Kann es sein, dass die meinungsbeherrschenden Medien davon nichts mitbekommen? Das ist sehr unwahrscheinlich.

Die Antwort ist wohl eher, dass Aufklärung nicht gewollt ist. Das stört nur die Erzählungen des neoliberalen Mainstreams. Die journalistische Bearbeitung von sozialen Themen erfolgt zunehmend durch die Wirtschaftsressorts und die Wirtschaftsredakteure schreiben in der überwiegenden Mehrzahl mit stark neoliberal eingefärbten Brillen. Eine weitere Antwort ist natürlich die interessengeleitete Besetzung der Chefredaktionen durch die Besitzer bzw. Aufsichtsgremien der Medien.

Noch eine Richtigstellung zu der falschen Behauptung, die Rentenversicherung erhalte Zuschüsse von über 100 Milliarden Euro aus dem Bundeshaushalt:

  • Der sogenannte Bundeszuschuss, der, wie oben dargestellt, faktisch kein Zuschuss, sondern eine unvollständige Kompensation für versicherungsfremde Leistungen darstellt, beträgt 75,3 Milliarden Euro.
  • Dazu kommen die Beiträge für Erziehungszeiten nach 1992 geborener Kinder in Höhe von 16 Milliarden Euro.
  • Bundeszuschuss an die Knappschaft (gewissermaßen Sozialplankosten für den Strukturwandel im Kohlebergbau und bei der Bahn) von fünf Milliarden Euro und
  • Erstattungen nach dem Anspruchs- und Anwartschaftsüberführungsgesetz – AAÜG, also Leistungen aus DDR-Sonderversorgungssystemen: über sechs Milliarden Euro.

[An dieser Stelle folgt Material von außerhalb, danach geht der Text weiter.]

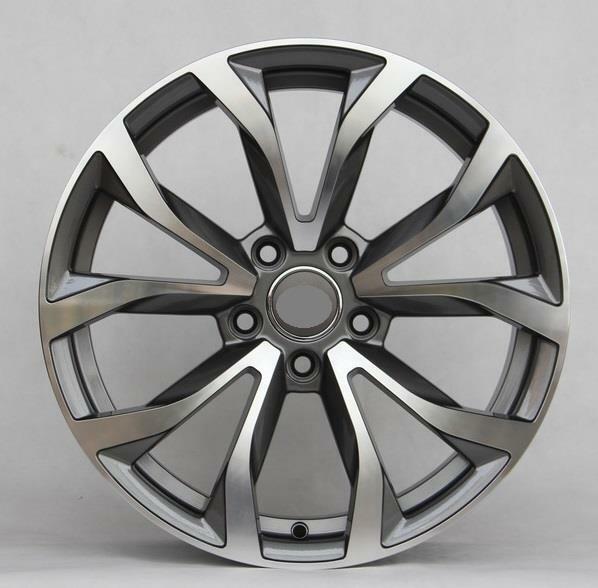 17'' wheels for AUDI A3 2006 & UP 5x112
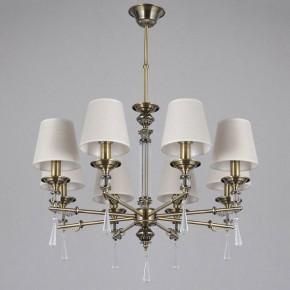Подвесная люстра Omnilux Rivoli OML-64213-08 в Верхней Салде - verhnyaya-salda.mebel24.online | фото 3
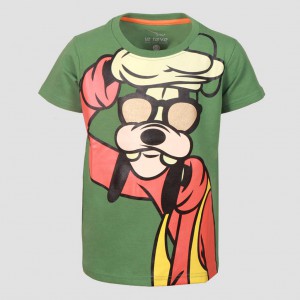 Short Sleeve Round Neck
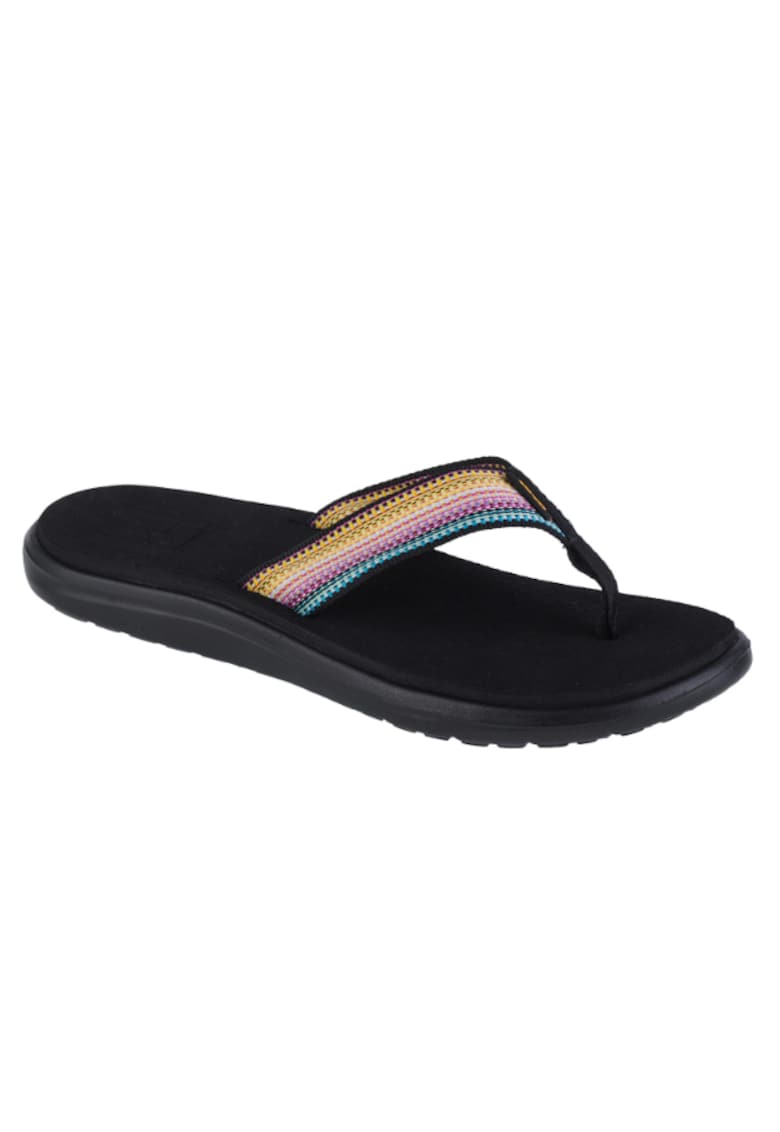 Papuci flip-flop - W Voya Flip 1019040-ABML - Multicolor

Wer aus all den Überschriften produziert wie wieder typisch die Bild-Zeitung am 16.11.21:

STEUER-ZUSCHUSS EXPLODIERT! Der Bund musste 106 Milliarden Euro aus dem Haushalt zuschießen.

Damit nicht genug legt das Blatt nach ...

Arbeitnehmer müssen 10-Prozent-Zeche für Rentner zahlen. Der überraschend starke Anstieg der Bezüge für Senioren in den nächsten zwei Jahren um voraussichtlich gut 10 Prozent (Bild berichtete) muss finanziert werden. Und zwar von denjenigen, die jetzt in die Rentenkasse einzahlen. Was droht, ist eine Explosion des Rentenbeitrags.

… und trägt dazu bei, die jungen und älteren Generationen gegeneinander aufzuhetzen.